While PIR techniques serve as key building blocks for privacy preservation, the cost associated with such algorithms can become very expensive. As seen in previous work, these methods are often layered and used in repeated manners, which can easily a buildup in run time. As PIR gains popularity, reducing the communication cost would make its usage in production systems much more feasible. This paper in particular targets two problems. The first is that the query / request could be very large, and the second is that the computation of such a query could be very expensive.

The paper makes two contributions to resolve the aforementioned problem. They first propose a technique for compressing queries and reducing associated network costs. Next, with the help of encoding, the amount of CPU costs for query processing can be reduced by batching queries together. The general idea is that the server will be able to perform the encryption and decryption of the indices corresponding to certain results without having to know the actual index itself. The authors first bring up fully homomorphic encryption which, while correct, require extremely expensive functions. Multiplication also requires larger security parameters. Now the goal becomes implementing decompression without needing the multiplication operation. Adopting the “lattice cryptosystems support substitution” operation, the authors design a function called Extract which is orders of magnitude cheaper than multiplication of ciphertexts.

The paper evaluates the system with respect to three questions. First, does the compression reduce network cost? Second, does batching work well in practical scenarios? Third, what is the end-to-end impact? I thought part one was addressed quite well, with both benchmarks and graphics. However, I thought the second two parts were relatively weaker. The system wasn’t really tested on anything in production (unlike the Popcorn paper) and the end-to-end evaluation did not seem complete.
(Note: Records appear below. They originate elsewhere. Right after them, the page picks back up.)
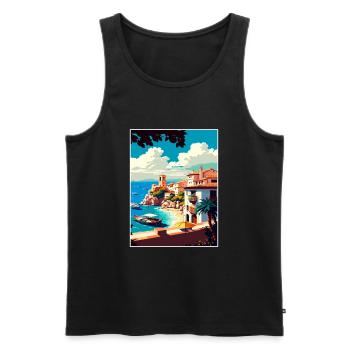 Costa Brava Spanien Vintage Reiseposter Souvenir - Männer Premium Bio Tank Top - Schwarz - Vorne - AI Model Male 178 light (178cm)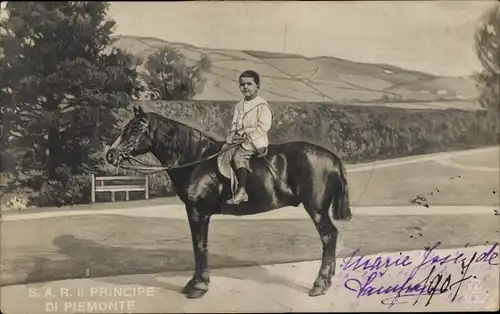 Ak Il Principe di Piemonte, Adel Italien, Pferd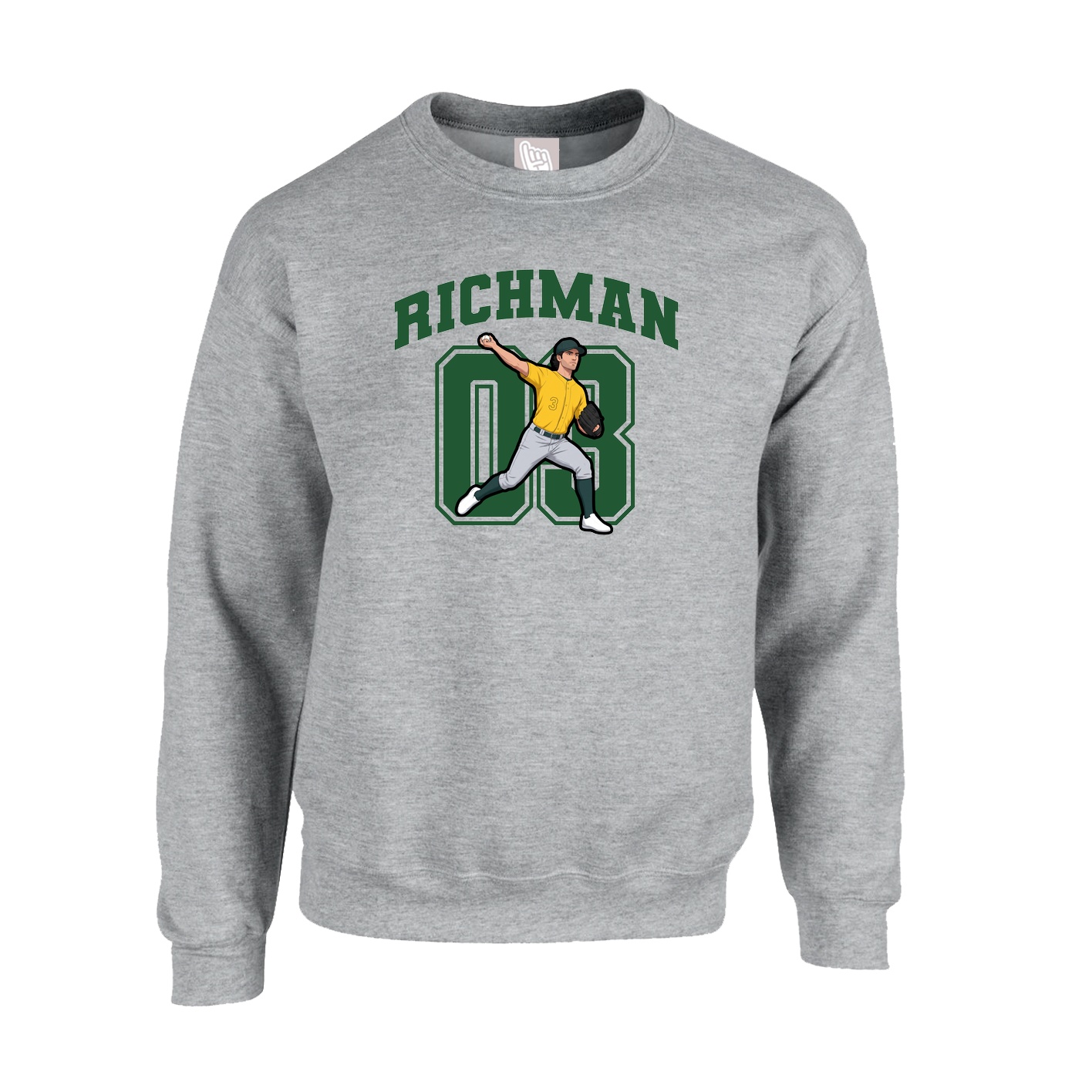 Fleece Crew — Number in Grey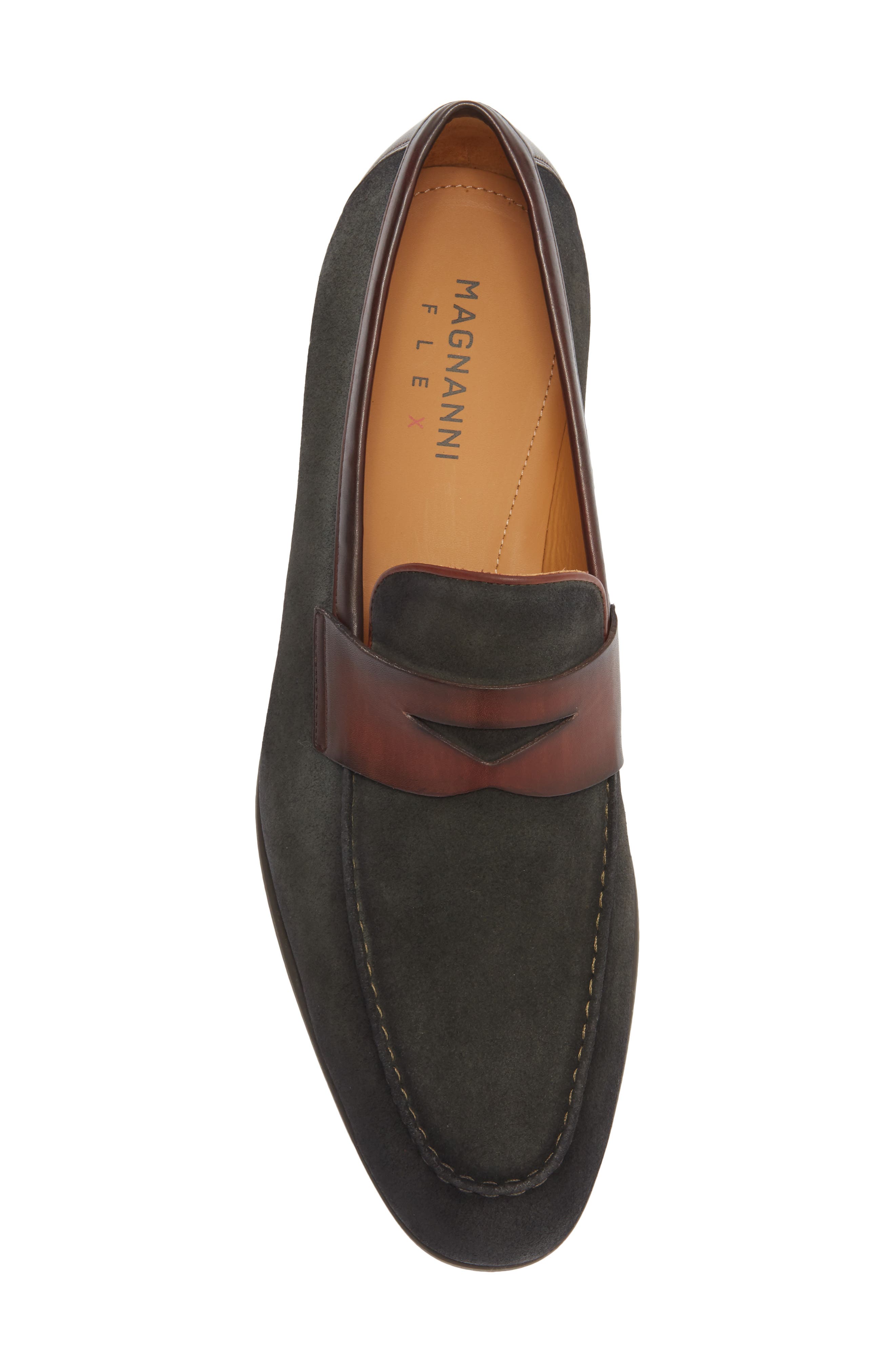 Magnanni Moc Penny Loafer, Alternate, color, Dark Grey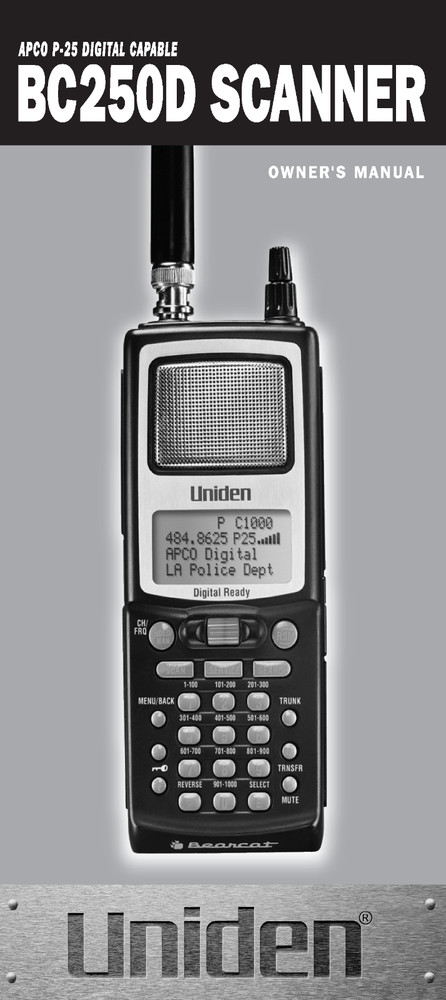 Uniden Bearcat BC250D Instructions Operating Manual User Guide COIL BOUND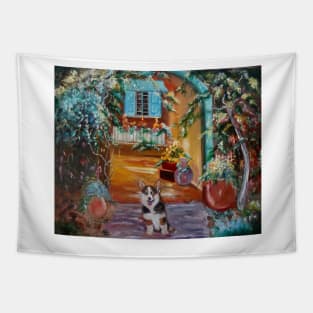 Corgi in the Courtyard Tapestry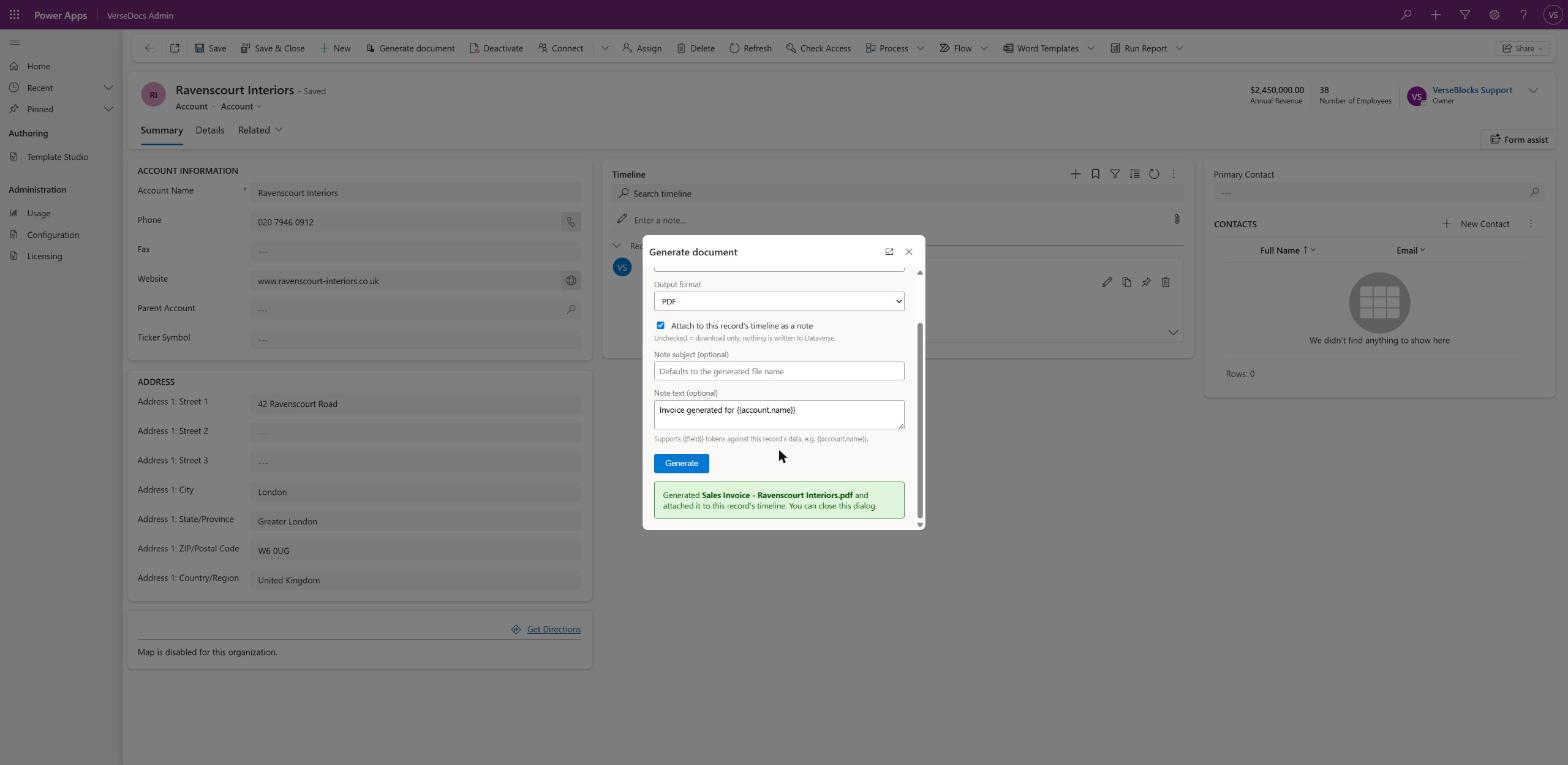 The Generate document dialog showing a green message confirming the PDF was generated and attached to the record’s timeline.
The overall server processing time still has a high overall cost that seems tied to the intrinsic PIR scheme. It would be interesting to see if parallelization or some rearchitecting of the query processing manager could lead to faster times with the same PIR building blocks. I think the authors’ original problem, while worthwhile, does not feel fully addressed in this paper. They say that they want to close the gap of a large performance disparity between CPIR systems and widespread adoption. Actually deploying SealPIR to a real system and providing validation numbers beyond sandboxed tests would be really interesting to check whether this system delivers on what it promised.